The Office of the Comptroller of the Currency, the Board of Governors of the Federal Reserve System and the FDIC (collectively, the "agencies") proposed extending the current transitional capital treatment of certain regulatory capital deductions, risk weights and minority interest requirements.

The agencies adopted rules in 2013 that made capital requirements for banking organizations more stringent. These rules established limits on including assets owned by subsidiaries in regulatory capital calculations (minority interest limitations), as well as other mandates for deducting certain assets from an organization's regulatory capital. The rules were subject to transitional provisions that allowed organizations to make appropriate preparations for the new requirements. Some provisions are scheduled to become applicable on December 31, 2017, while others will become applicable on January 1, 2018.

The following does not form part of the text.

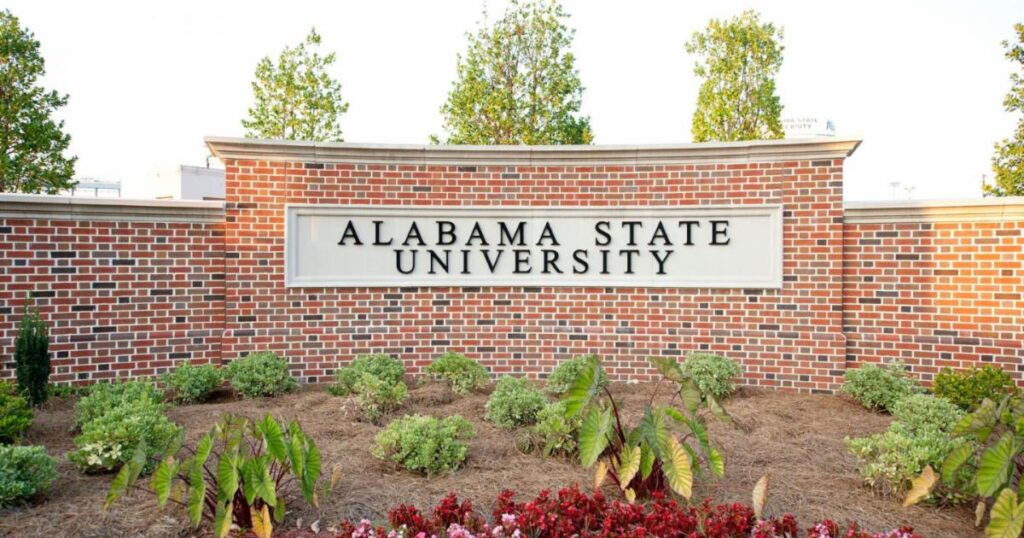 ASU expert receives invitation to lecture in Switzerland—here’s what we know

In accordance with the March 2017 Joint Report to Congress on the Economic Growth and Regulatory Paperwork Reduction Act by the Federal Financial Institutions Examination Council, the agencies are developing a proposal to simplify the capital rules in order to reduce regulatory burdens while still "maintaining safety and soundness and the quality and quantity of regulatory capital in the banking system." Since the proposal is still being developed, the agencies now propose extending the transitional rules for most banking organizations. Banks with over $250 billion in total consolidated assets and/or greater than $10 billion in total foreign exposure still would be subject to the current capital rules. These organizations would be required to comply fully with the capital rules beginning on the aforementioned dates (December 31, 2017 and January 1, 2018).

The agencies requested comments on the proposed extension of the transitional rules. Comments must be received within 30 days of publication of the rule proposal in the Federal Register.